My concern is about his use of the phrases “a gay person” and “the fact of that person being gay.” Saying “a gay person,” instead of “a person who struggles with homosexual temptation,” or “a person who defines himself as homosexual” is on its face a major concession to sexual-orientation theory when used by a church leader about Christians.
Further, in the context of the sentence, it implies a softening of church policy that those with a deep-seated homosexual identity, even if celibate, are unfit for the priesthood.
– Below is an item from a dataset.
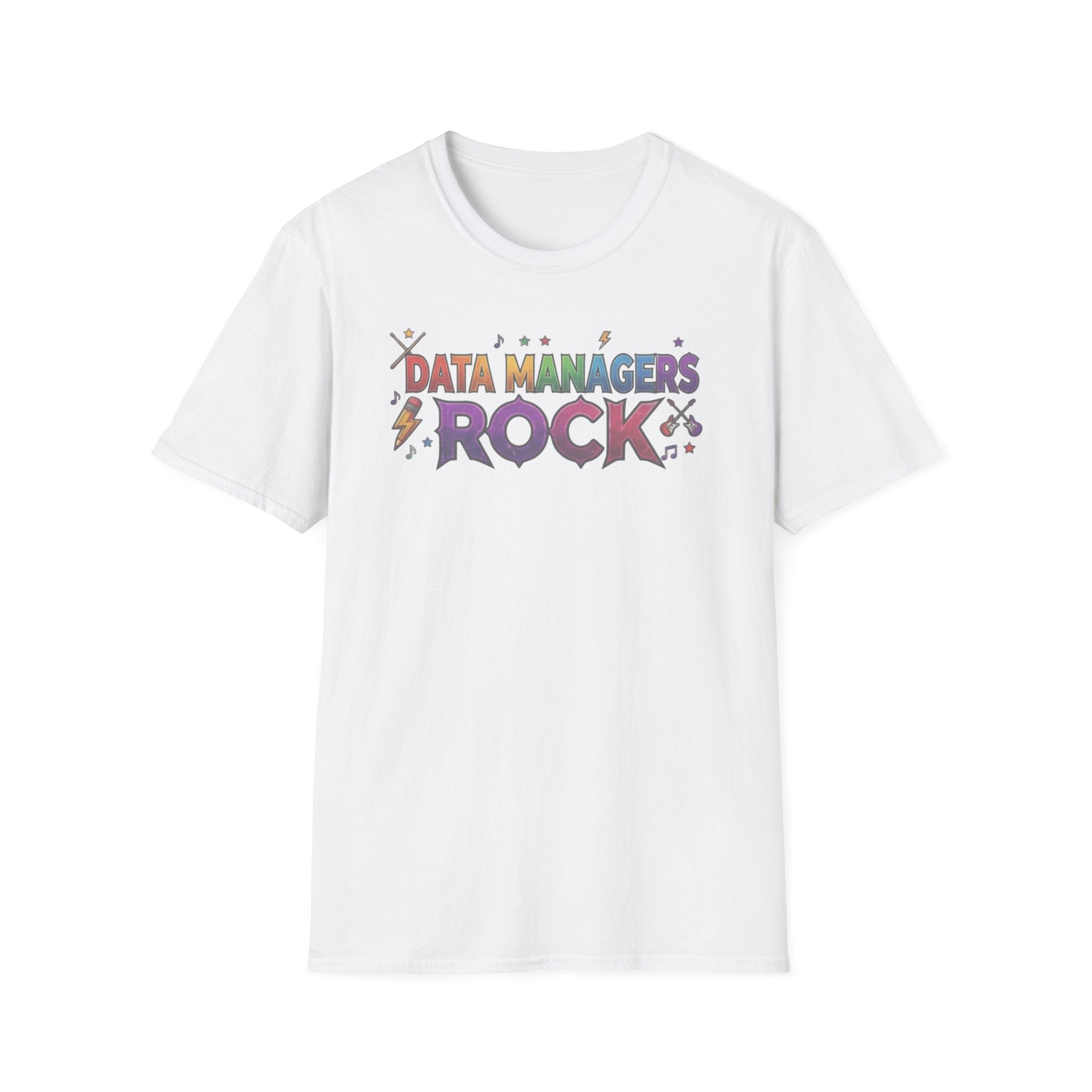 Data Managers Rock T-Shirt — Retro Rock Band Style Shirt for Data Professionals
The 2005 “Instruction Concerning the Criteria for the Discernment of Vocation with regard to Persons with Homosexual Tendencies in view of their Admission to the Seminary and to Holy Orders” forbids “those who practice homosexuality, present deep-seated homosexual tendencies or support the so-called ‘gay culture.'”
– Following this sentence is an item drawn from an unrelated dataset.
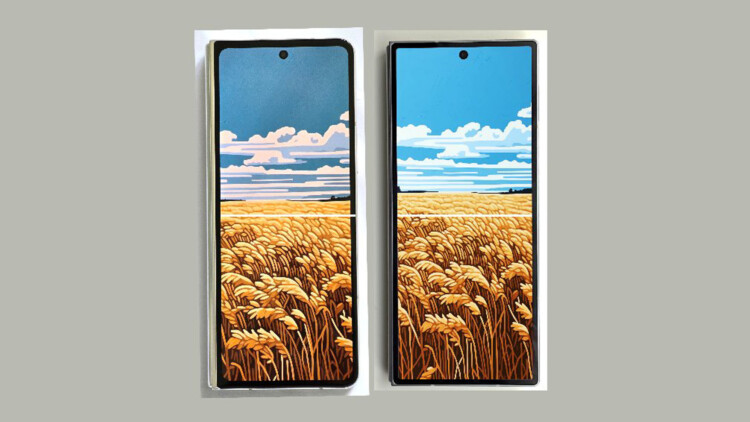 Samsung Galaxy Z Fold6 live photo leak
What is “gay culture” if not the association of people based on a common self-identification as “gays”? Pope Francis has, wittingly or unwittingly, affirmed “gay” culture by his terminology, even while lamenting (and implicitly confirming the existence of) a “gay lobby” in the Vatican.
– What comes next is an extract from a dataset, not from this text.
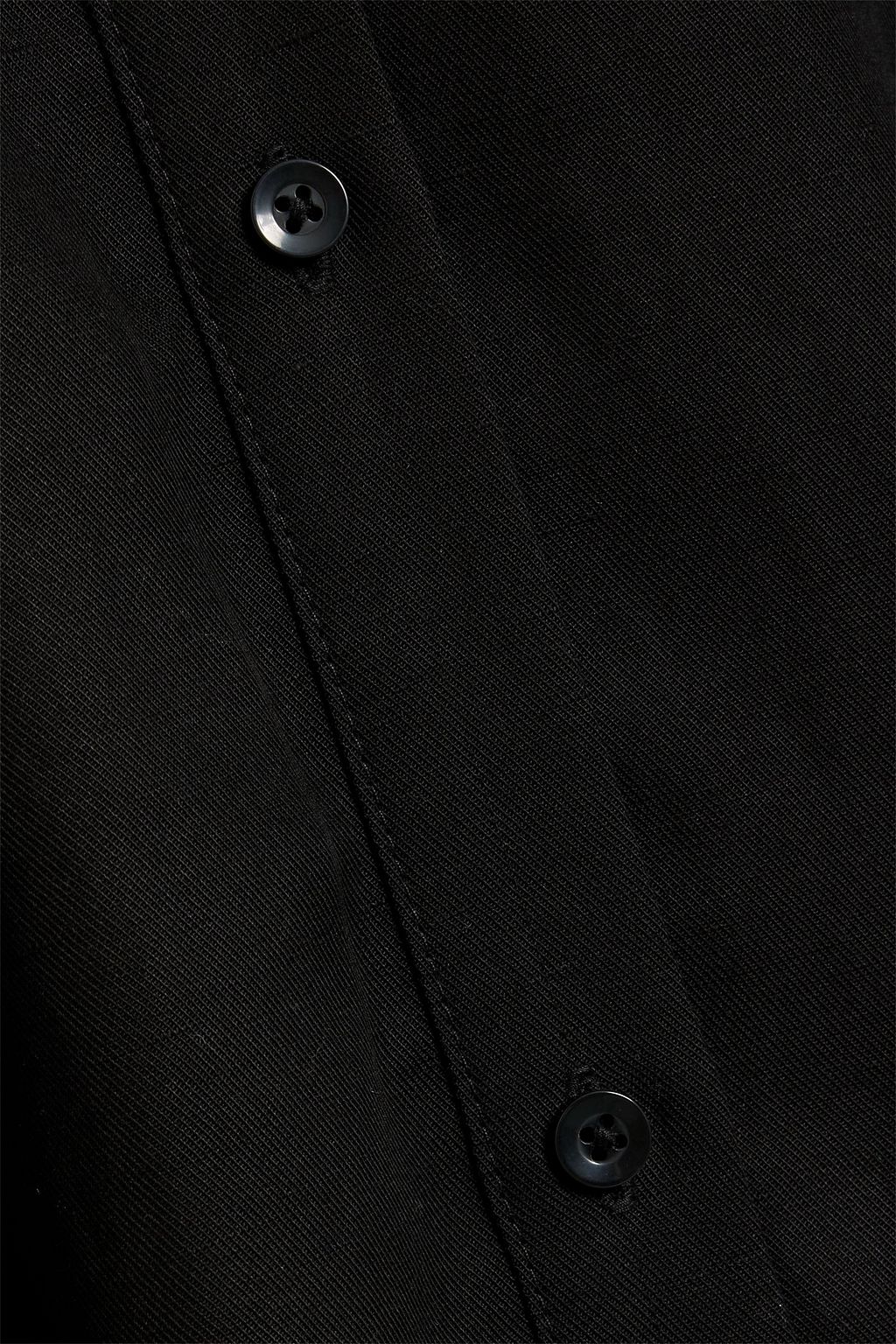 ALICE + OLIVIA Chassidy Lyocell, linen and cotton-blend maxi shirt dress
If the pope has conceded that “gayness” is an acceptable basis for self-identity, that suggests he is willing to integrate people into the priesthood who define themselves by their sin, rather than as sinners washed and transformed by the blood of Christ. When identification with sin is a present-tense basis for your identity, you are unrepentant about remaining unwashed and untransformed. That’s very dangerous for the priests themselves, and in the church community virtually guarantees that the “gay lobby” will continue.
Of all the secular media coverage of this story, I think the Wall Street Journal was most accurate. It said in an article with the perhaps overstated title “Pope Signals Openness to Gay Priests” that “Pope Francis reaffirmed church teaching by referring to homosexual acts as a sin. But he wielded his formidable bully pulpit to shift the tone of how the church regards homosexual orientation at its highest ranks.” Indeed, the problem is the view of “orientation.”
The story also quoted Cardinal Dolan of New York who said, “My worry is that we’re buying into the vocabulary that one’s person is one’s sexual identity, and I don’t buy that and neither does the church.” Dolan obviously “gets” what Pope Francis seemingly does not. Dolan’s phrase “… and neither does the church” looks to me like an attempt at damage control by one who recognizes the hazards of sexual-orientation ideology infiltrating the church.
It is possible Pope Francis did not intend to convey what his terminology implied. I understand better than most how one’s off-the-cuff comments sometimes imply things we really don’t mean. But in the full context of his remarks that day, and the still larger context of his tolerant and compassionate nature and style that is so admirable on the whole, I’m afraid he may have become (like an increasing number of evangelical leaders) ensnared in the subtle sophistry of sexual-orientation theory.
I hope I am wrong. I’ll be the first to applaud if Pope Francis clearly shows he does not recognize “gayness” as a legitimate basis for self-identification. At this point, however, the evidence points the other way.